Happiness is My Choice, 15

How do I react when disasters occur? What is my response to adversity?

WBAL news reports flooding in the Baltimore area, July 2018.

WBAL news reports flooding in the Baltimore area, July 2018.

When nature doesn’t seem so natural, when events confound me, when a roadblock is placed in my way, do I panic and flounder about, or do I go forward by choosing a different route?

So many events, even daily occurrences, do not go the way I expect them to go. Surprises can create joy or terror. By their nature, surprises are… unexpected. We do not foresee them, changes in routine disrupt comfortable patterns of action, and we can become amused, befuddled, or even crippled. Some reactions are beyond control; the aha moment upon seeing fireworks and the pain of a broken bone force themselves upon us equally, though not equally desirable.

Surprises follow a spectrum. Good or bad. Big or small. Delightful or horrid. For some reason, we mostly focus on the small, bad, everyday experiences. These events captivate us and take over our thoughts. Our emotions cascade in response to the little things, and they build on each other. Predictably, some of these “bad” things may be somewhat within my control. I think that’s why they are so annoying.

Roadblocks. Most of my “bad days” start with small roadblocks:  I forget that the coffee supply needs to be replenished, so I may be unready to face the day. Like many people, my morning coffee—the anticipation of inhaling that sharp aroma and sipping the warm liquid—can propel me into the world some days. When I don’t get what I anticipate and desire, my 3-year-old self may emerge. All due to a small, unpleasant surprise. The jar was empty. Someone (i.e. me) did not put it on the shopping list.

And if I let it, the bad day can continue. I get drenched in a rainstorm walking from the parking lot to my business. I could have checked the weather report but missing my coffee threw me off, so I didn’t have the foresight to carry an umbrella. By the time I got to work, the heavens opened and the deluge splashed around me. Naturally, I wore sandals, so my feet got soaked, too. Then once in the office, while drying off, I missed the call saying the 11 o’clock meeting was being moved up to 10. At 10:15 I notice the department sounds quiet and nobody is around. Glancing at my online calendar, I see a flashing notice asking me where I am. Yikes!

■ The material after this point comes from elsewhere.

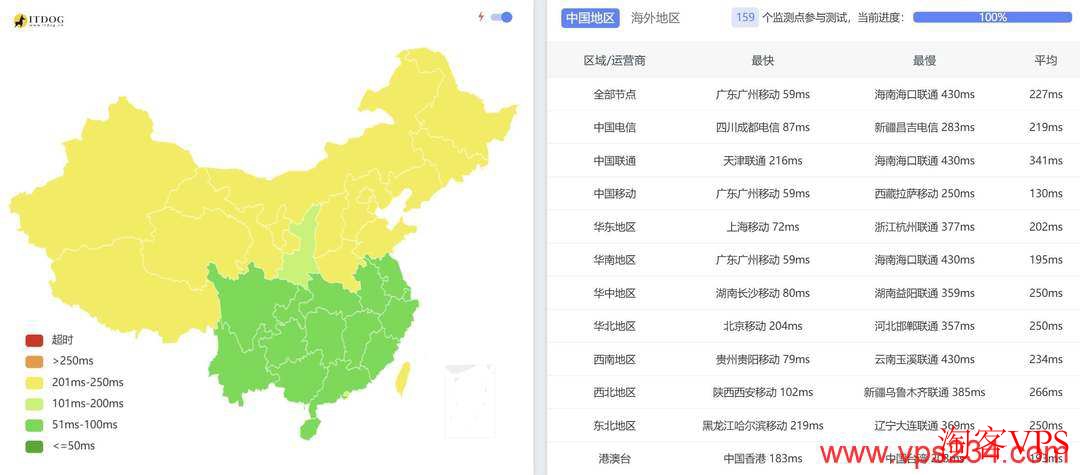 全国三网到Server Gigabit VPS的Ping延迟数据对比图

Affirmations for positive thinking.

Affirmations for positive thinking.

Late for the meeting, the boss glares at me when I slide into my seat. I fail to pay attention to the presentation and missed the project update. After the meeting I realize I left my lunch in the refrigerator at home. I nibble on some crackers I keep in my bottom drawer but they don’t appease my hunger. Then my computer reboots in the middle of a calculation and I hadn’t saved the file. It’s all lost! Worse and worse. I’m in a brown mood the rest of the day after that. I just cannot get caught up. Everything snowballs into a big mess. By the end of the day, an acid ball roils in the pit of my stomach and I can’t wait to go to bed. It’s still raining when I leave the office and my feet get wet again. Say goodbye to that lousy day. But wait! I forgot to stop by the market and buy more coffee!

I can rewrite the scenario above, change my outlook, with the following directions: stay calm, be peaceful, get centered. I can control my reactions to today’s challenges.

Catastrophizing the lack of coffee, beating myself up for having forgotten to purchase it, started my descent into a “bad day.” How could I turn that around? Isn’t it inevitable that would trigger the events of the day? Any one of those little adverse events could confront me on a given day. On a catastrophic “I didn’t have my coffee” day, they become mountains to scale, larding my mood with the foulest of weightiness. Drawn down further and further, I see only the bottom of the hole. That thinking certainly is not compatible with serenity.

Frustration Ahead!

Frustration Ahead!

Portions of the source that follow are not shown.